Studies of family relationships and crime have commonly centered on parent-child influence. Generally, if included at all, siblings are mentioned only in passing. Daniel Glaser, Bernard Lander, and William Abbott, however, focused on siblings when asking why some people become drug addicts. Three pairs of sisters and thirty-four pairs of brothers living in a slum area of New York City responded to questions asked in interviews by a former addict and a former gang leader. One member of each pair had never used heroin, whereas the other had been an addict. Results of this study suggested that the typical addict was about two years younger than the nonaddicted sibling, spent less time at home, left school at a younger age, and began having relationships with persons of the opposite sex when younger. The interviews did not yield evidence of systematic differences between addicts and their siblings regarding parental affection or expectations for success. Like the Finnish adolescents studied by Pulkkinen, and the British delinquents in the Farrington and West sample, the addicts appear to have had peers for their reference groups. Unfortunately, relatively little is known about why some children adopt peers instead of family as reference groups.

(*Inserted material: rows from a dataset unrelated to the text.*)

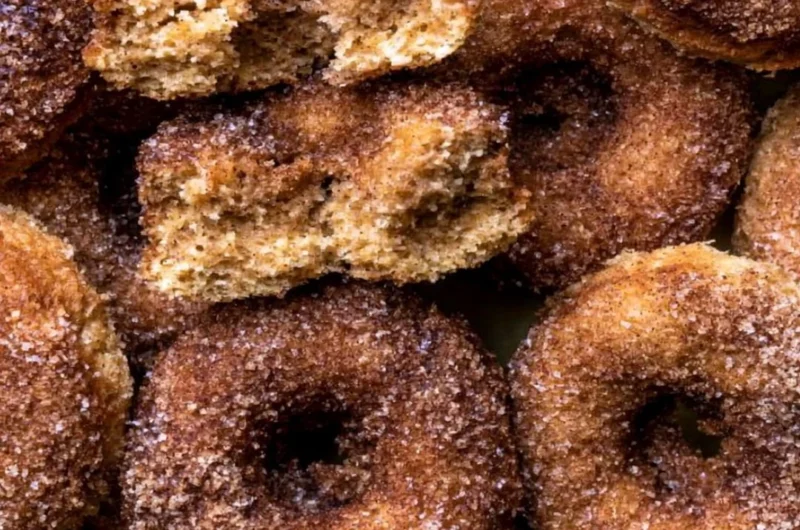 Delicious baked apple cider donuts arranged on a rustic wooden table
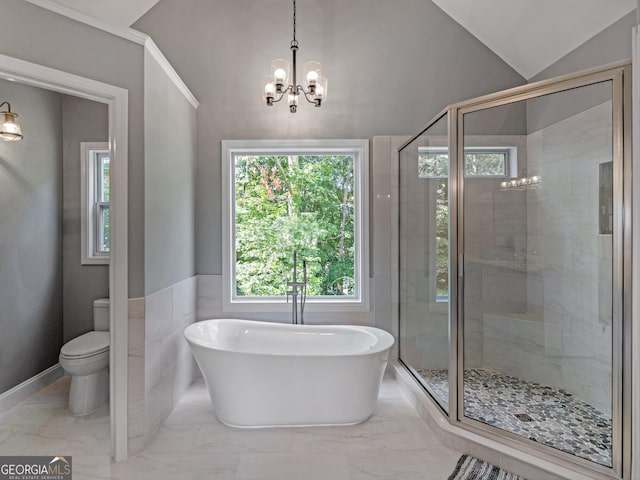 bathroom featuring toilet, an inviting chandelier, a wealth of natural light, and lofted ceiling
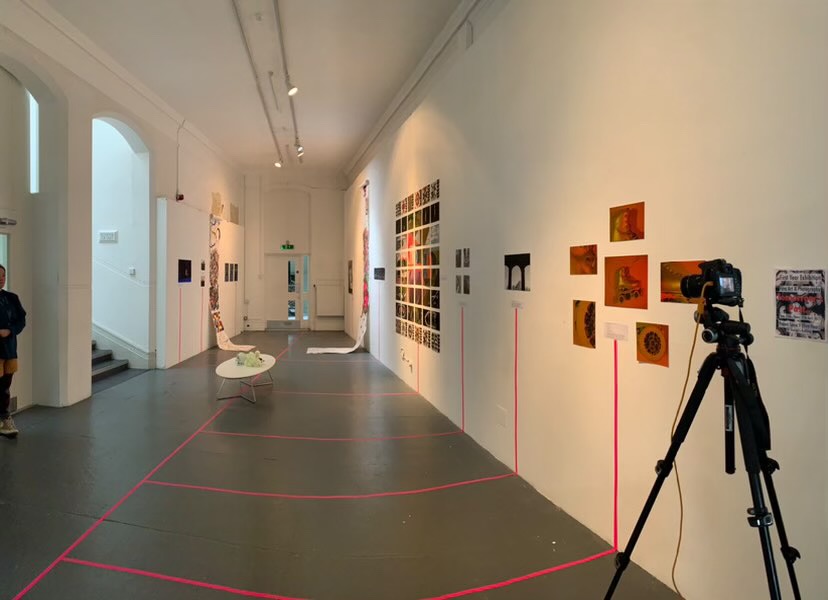 Photograph of an exhibition space, with a camera set on a tripod in the foreground.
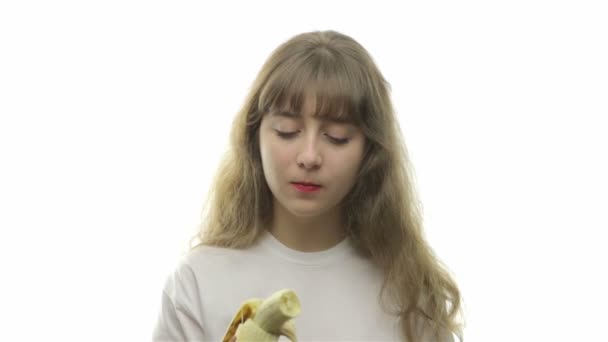Εφηβικό κορίτσι που δαγκώνει μακριά ώριμη μπανάνα — Αρχείο Βίντεο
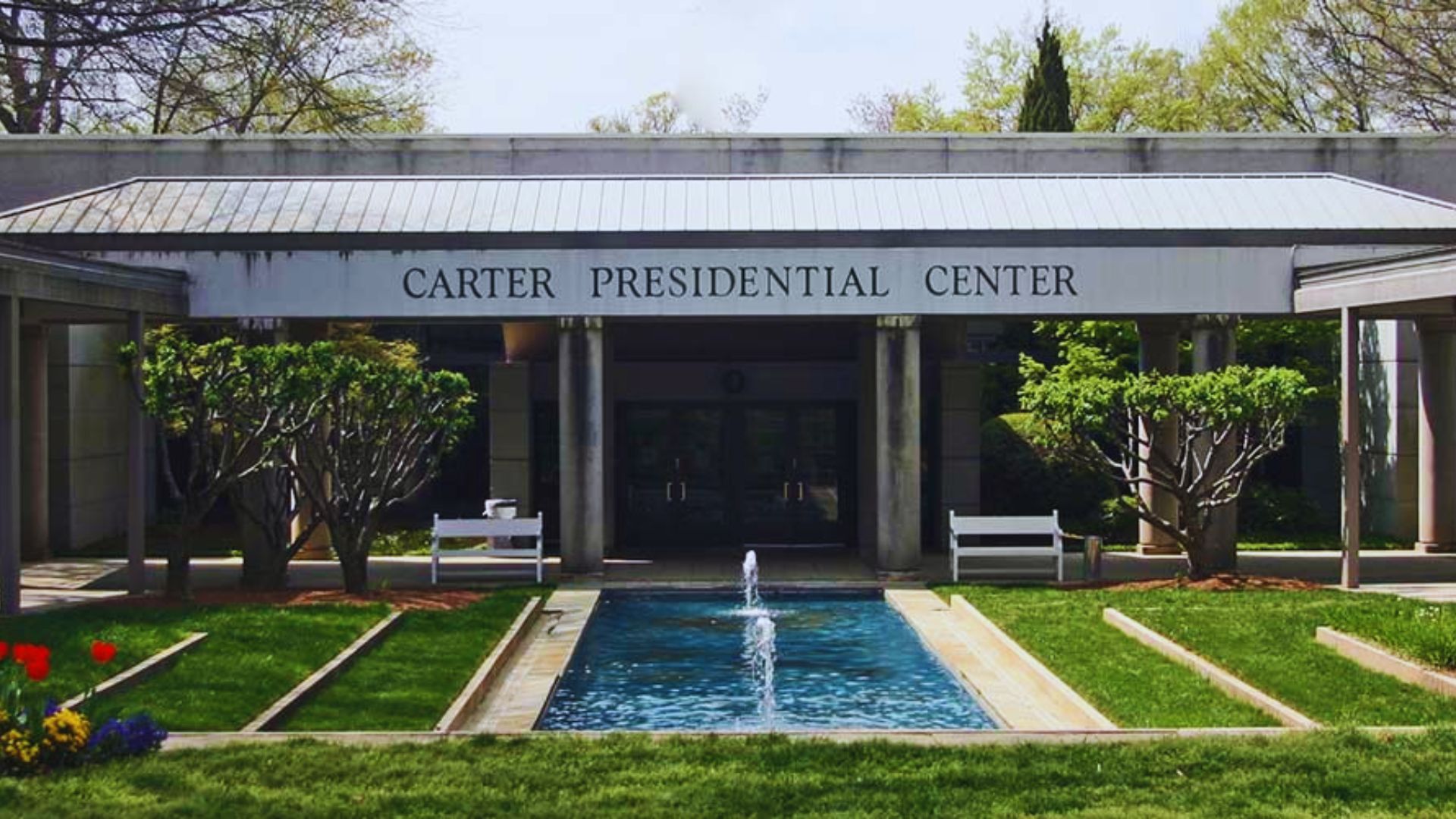 Entrance to the Carter Presidential Center with reflecting pool and landscaped gardens in Atlanta Georgia.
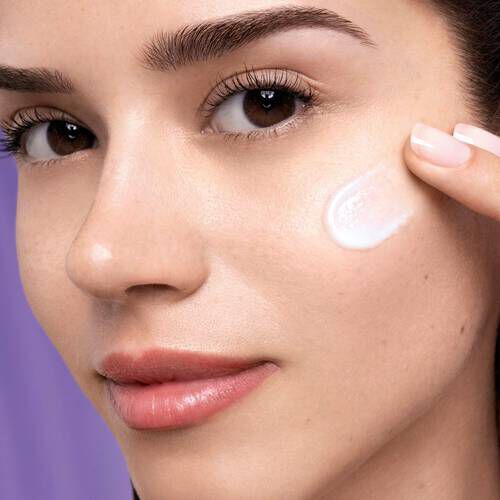 Mlada žena s prirodnim izgledom nanosi kremu na obraz ispod svjetlosne pozadine.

Differences in sex, intelligence, and physique provide partial answers to why one child in a family develops problems and another does not. In addition, several studies show that even after controlling for family size (delinquents tend to come from larger families), middle children are more likely to be delinquents than are their oldest or youngest siblings. Rutter suggests that parental actions could be the determinant, with delinquent children tending to be those who were singled out for abuse by quarreling parents.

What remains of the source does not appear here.